18 / bitchin'

1.4K 91 74
                                    

"Şunu da uzat bakalım."

Jennie'nin uzattığı kolileri alıp el arabasına yükledim. Ardından ikimiz de dolu birer el arabası çekerek içeri girdik. Alt kattaki ilgili rafları bulup kolileri açmaya başladık. İkimizin de sıska olduğunu düşünürsek biraz ağır kaçıyordu ama iyi hallediyorduk yine de. Hele de Jennie gibi bir kızın bile böyle bir işte çalışması beni özellikle şaşırtıyordu. Benimle barıştıktan sonra işten ayrılır sanıyordum ama hala burada çalışıyor ve bana yardımcı oluyordu. Sanırım beni cidden seviyordu yoksa buradaki işler uğraşılacak gibi değildi.

"Geçende azıcık bahsetmiştim ama umarım unutmamışsındır. Bu akşam ailemin verdiği yemeği biliyorsun değil mi?"

Elimdeki kitapları yerleştirirken kıkırdadım.

"Bana mı öyle geliyor yoksa sen beni sosyete dünyasına mı sokmaya çalışıyorsun?"

İğnelememe gülerek yanıt verdi.

"Böyle olmadığını biliyorsun."

"Sadece dalga geçiyordum Jen. Geleceğimi biliyorsun."

Bu akşam Jennie'nin ailesi bir yemek veriyordu. Sanırım benim şerefimeydi. Emin değildim ama büyük ihtimalle böyleydi çünkü Jennie ailesine daha yeni benden bahsedebilmişti ve ailesi de destekleyici ailelerden olduğu için bir kutlama yemeği vermeye karar vermişti. Yani tahminimce böyleydi işte. Açıkçası ailesi ile tanışmaya da çok heyecanlıydım.

"Güzel. Zaten neredeyse kimse olmayacak. Sadece annem, babam ve birkaç akrabamız olur."

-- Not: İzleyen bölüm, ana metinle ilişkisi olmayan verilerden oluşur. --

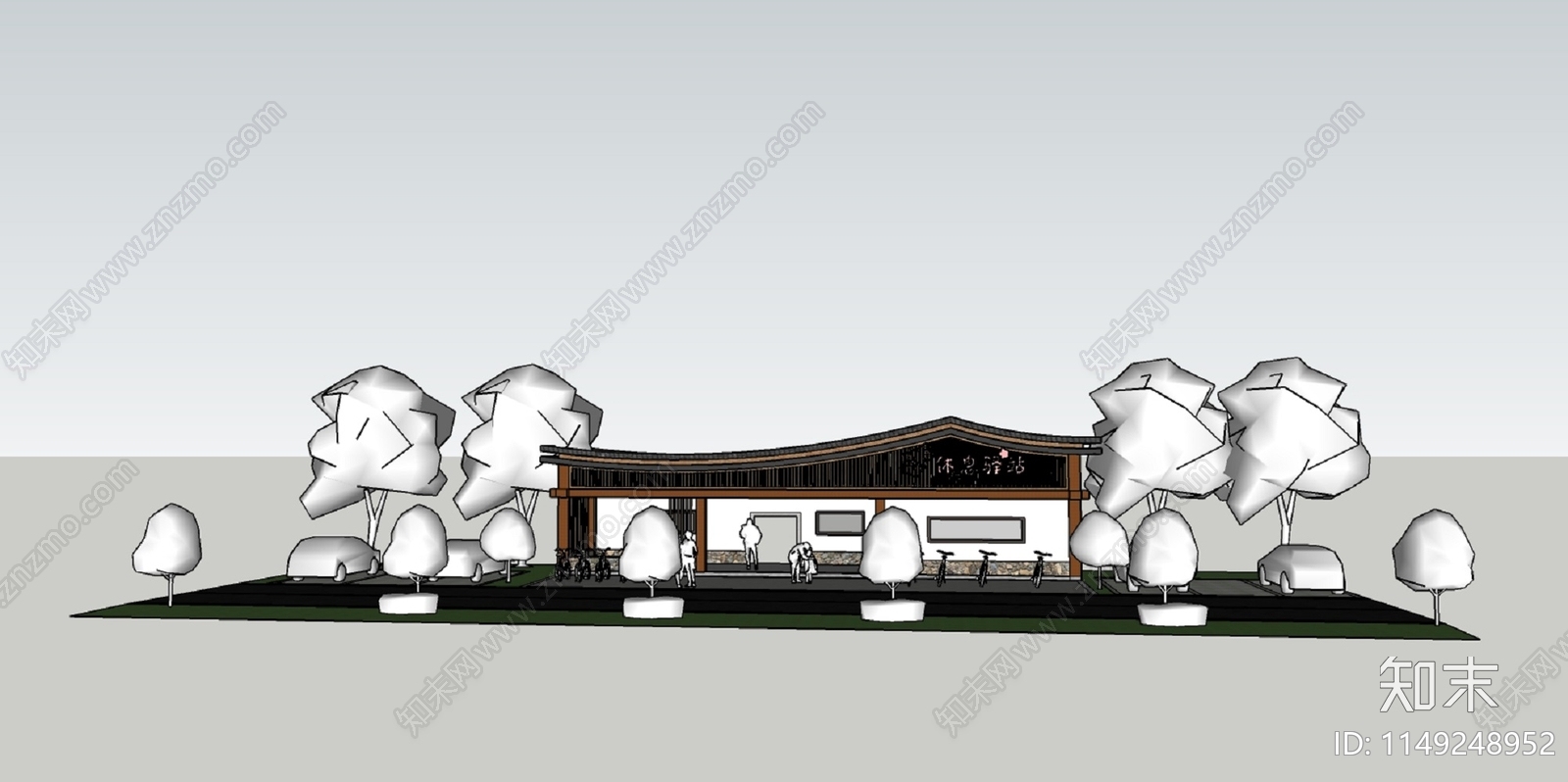新中式休憩驿站SU模型下载【ID:1149248952】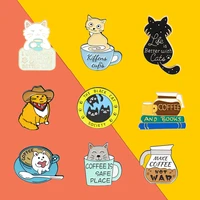 custom brooch coffee and books enamel pin coffee kitten badge bag clothes lapel pins animal jewelry gifts for friends wholesale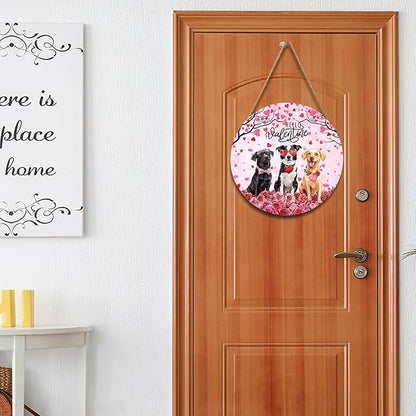 Hello Valentine's Day Dogs Welcome Wreath - Wooden Hanging Sign, 12x12 Inch Valentine Door Decoration for Anniversary, Wedding, Home, Indoor, Outdoor, Wall, Window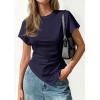 image:imagePRETTYGARDEN Womens Asymmetrical Tops 2026 Spring Summer Going Out Shirts Y2K Short Sleeve Crew Neck Ruched Trendy ClothesNavy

Kafamı sallayarak işime devam ettim. Aile demişken aklıma geçende tanıştığım Jennie'nin kuzeni gelmişti. Jennie bana bu konuda hiçbir şey söylememişti fakat bir şeyler olduğunu anlayabiliyordum. Rose denen o kızdan hoşlanmadığı belliydi ama bununla ilgili sorularıma cevap vermekten kaçıyordu ve açıkçası bunu neden yaptığını bilmiyordum.

Rose... Rose tatlı ama biraz şımarık bir kıza benziyordu. İkisinin arasında bir şeyler olduğu kesindi ama Rose bunu takmıyor gibi duruyordu. Jennie'nin aksine. Ayrıca çok güzeldi. Gerçekten güzeldi ve Jennie ve onun ailesinin ne kadar mükemmel genlere sahip olduğunu kanıtlamıştı.

"Ne düşünüyorsun öyle?"

Afallayarak kafamı kaldırıp Jennie'ye baktım. Ne düşündüğümü söylersem muhtemelen aramızda bir savaş başlatırdı. Bu yüzden aklıma ilk gelen yalanı söyledim.

"Ne giysem diye düşünüyordum."

"Benim dolabımdan alabilirsin?"

Güldüm ve kafamı hayır anlamında salladım.

"Teşekkürler kendi daha az süslü kıyafetlerimle yetinebilirim."

Jennie de bunun üstüne gülerken kitapları raflara dizmeye devam ettik.

*

"Anne, baba, bu Lisa."

Jennie beni ailesine takdim ederken gülümseyerek başımla selam verdim. Ailesi de aynı şekilde gülümseyerek baktılar. Annesi önce lafa girdi.

"Seninle tanıştığımıza çok memnun olduk canım. Jennie senin sayende daha mutlu ve dışa dönük biri oldu. Bunun için ne kadar teşekkür etsek az."

Utangaçlığım baş gösterip kızarmıştım yine. Teşekkür ettikten sonra ikimizi de masaya davet edip kısa bir duyuru yaptılar.

"Değerli konuklar, verdiğimiz yemeğin onur konukları..." Bay Kim eliyle Jennie ve beni işaret edince gözler üzerimize döndü. Jennie ben daha fazla utanmayayım diye elimi tutup güven verircesine sıktı. "...sevgili kızım Jennie ve tatlı kız arkadaşı Lalisa Manoban."